Chestnut season, you will be relieved to hear, seems to be ending here in Capriglia-by-the-Sea. We still get some nuts crashing down through the leaves, sounding much bigger than they are, but it is handfuls a day now rather than hundreds and we feel that we can once again go outside without fear or protective headwear.
On Wednesday, we drove into Firenze and bought an annual pass to the Uffizi. Now we can go in whenever we want without waiting in line or paying. On future visits we will perhaps stay longer, perhaps look at more. But this time we hightailed it straight to my favorite piece in the museum -- a Botticelli Madonna that no one ever pays any attention to because it is in the same room as The Birth of Venus, on the wall opposite so that the crowds are facing the other way, busy taking pictures of the goddess on the half-shell with their phones, and I have the already heart-broken Madonna to myself. She seems to know, even with the chubby baby still on her lap, the whole bloody story of what is yet to become of her child.
I cried, of course, standing there at the back of the sea of I-Phones. Jonathan and I stayed so long looking at her that a few people in the crowd even noticed us and wandered over to take a phone picture before walking off. Then we went to see the Caravaggios and then to lunch.

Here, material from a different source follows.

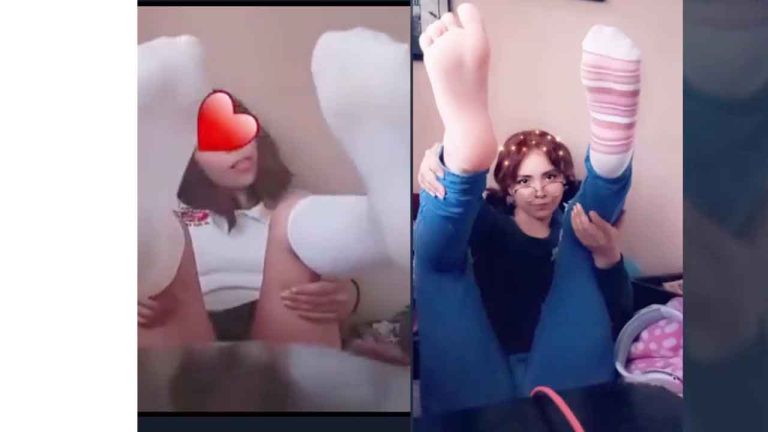 Latin schoolgirl from Politecnico is addicted to foot fetish COMPILATION 10 VIDS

Firenze is filled with people speaking English, which sounds startling now when we encounter it in the wild. Many of them looked hot or tired or slightly annoyed and I suspect that many of them were not having a very good time. I remember the first time I came to Italy, when I was a teenager here with my family, not having a very good time and at one point -- in Venice -- finally rebelling and refusing to go on yet another tour-group excursion to see yet another required marvel that I didn't understand. I claimed not to feel well, demanded to be left to sleep in the hotel, and when I was sure the coast was clear, went out by myself into the streets near the Piazza San Marco and bought a basket of fresh cherries and ate them. I still remember those cherries fondly.
I also remember thinking that Italy might be a fun place if I wasn't with my parents on a forced march of tourist sites with the crowds and the heat, so perhaps I am projecting my own remembered feelings onto the beleaguered Americans snapping photos of Venus in the Uffizi to look at later, I guess, somewhere cool and quiet where they could sit down.
Back at home, we went down to the pub, where Daniele dished out helpings of risotto for all the usual reprobates on the terrace. Daniele and Alice give away so much free food there out under the tree leaves that I don't see how they possibly manage to stay in business. The risotto was made with gorgonzola and prosciutto and was one of the best things I have ever put in my mouth.